Aim of the exercise — Copy the records below exactly, starting at the line that contains "De vinzare VW Passat bluemotion - Image 4/6" and ending at the line that contains "Toyota Corolla Cross XLE 2WD 2024 White"; leave out any pictures.

Data extracts —

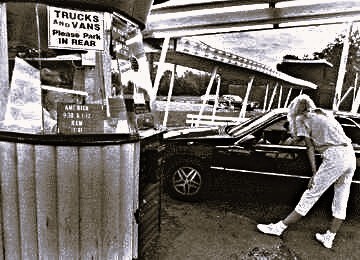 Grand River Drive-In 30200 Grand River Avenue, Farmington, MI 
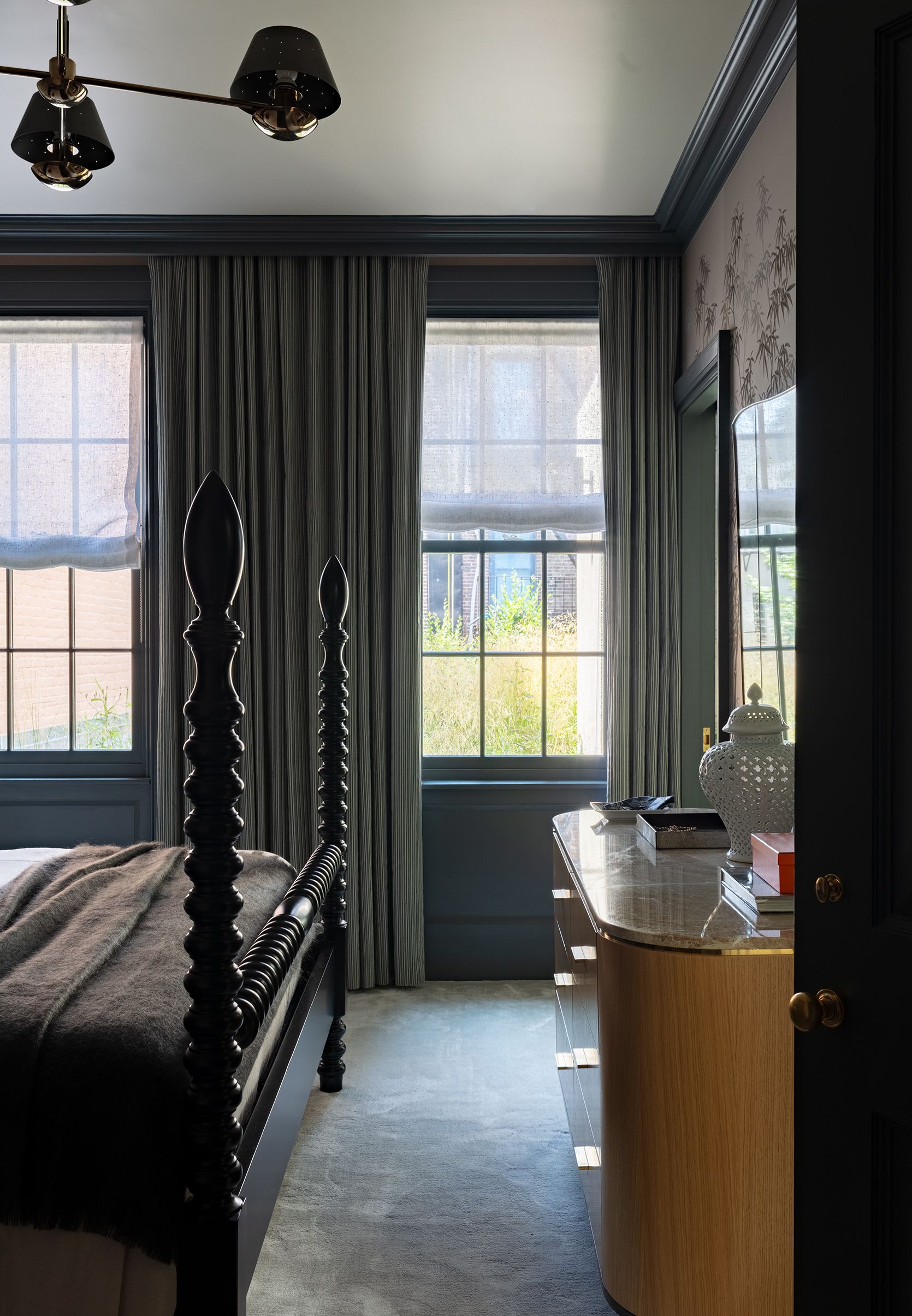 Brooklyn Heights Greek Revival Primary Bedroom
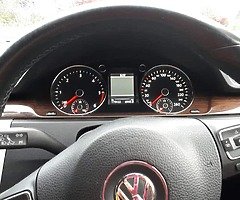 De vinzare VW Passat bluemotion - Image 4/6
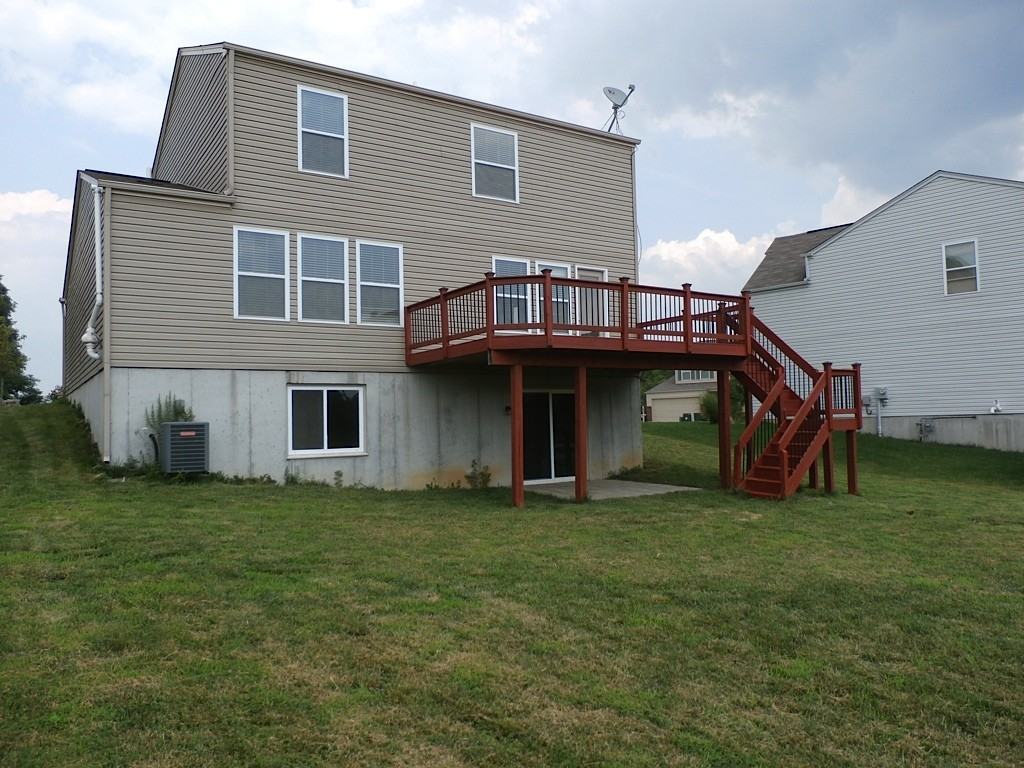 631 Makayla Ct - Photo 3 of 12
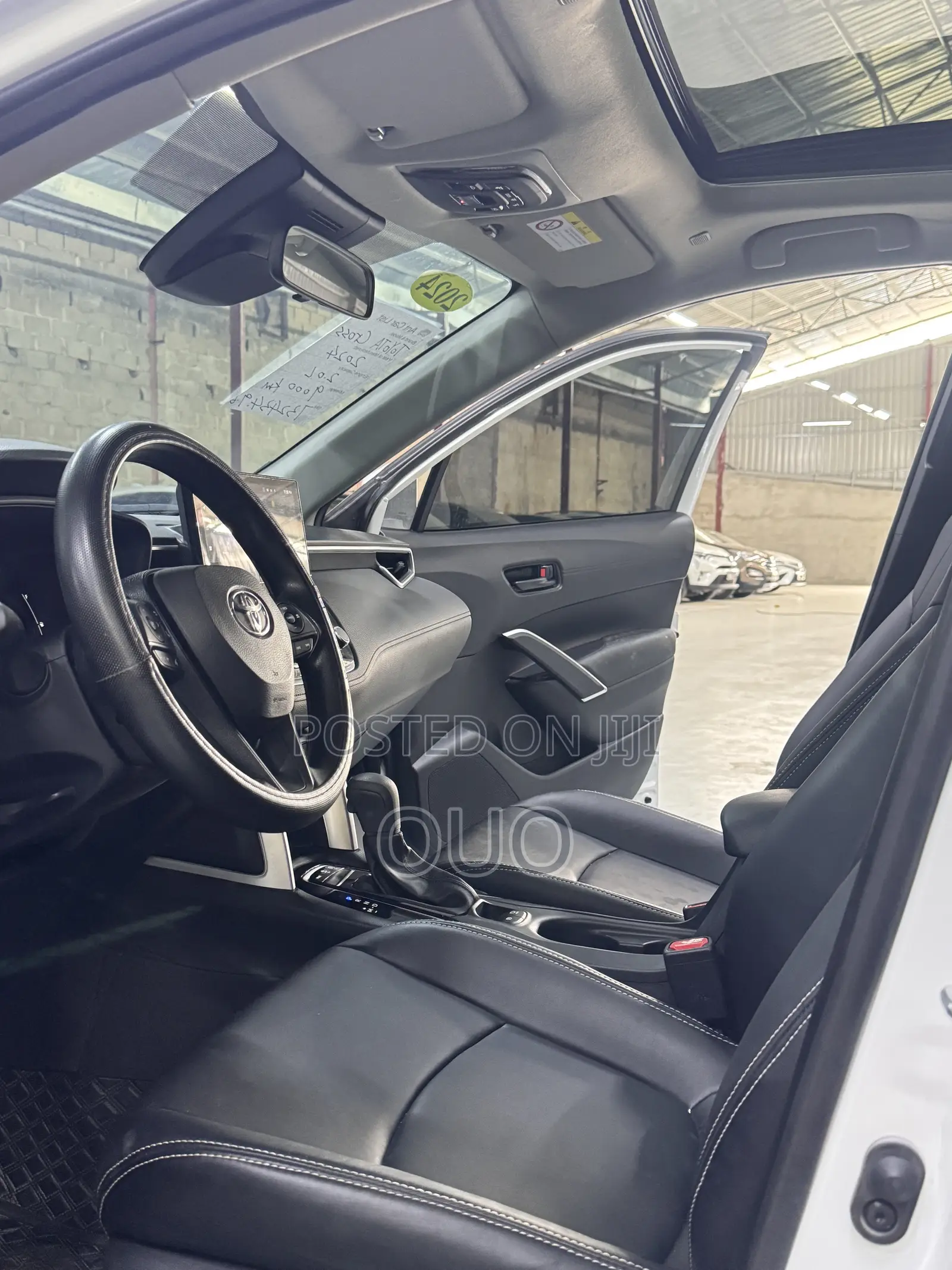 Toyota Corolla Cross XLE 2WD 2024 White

---

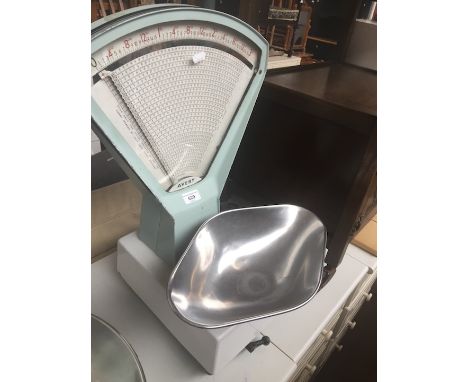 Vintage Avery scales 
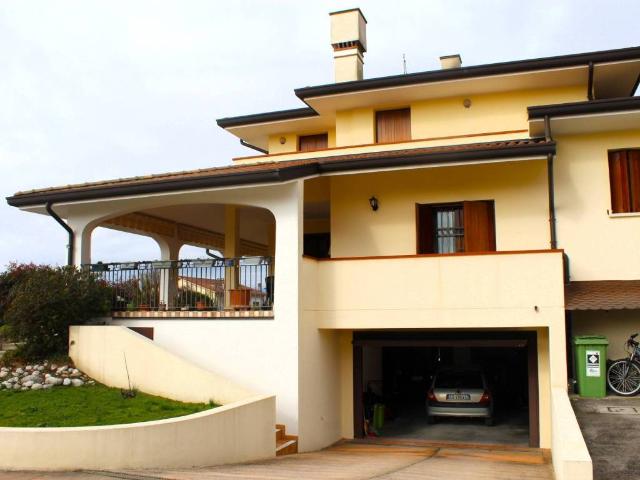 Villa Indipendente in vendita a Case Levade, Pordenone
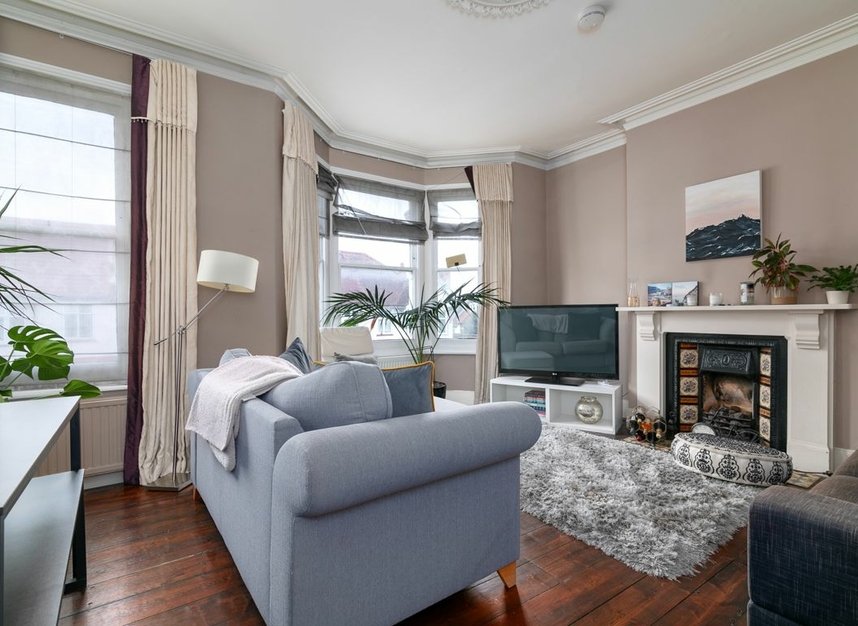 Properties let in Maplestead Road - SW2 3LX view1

Task solution —
 De vinzare VW Passat bluemotion - Image 4/6
 631 Makayla Ct - Photo 3 of 12
 Toyota Corolla Cross XLE 2WD 2024 White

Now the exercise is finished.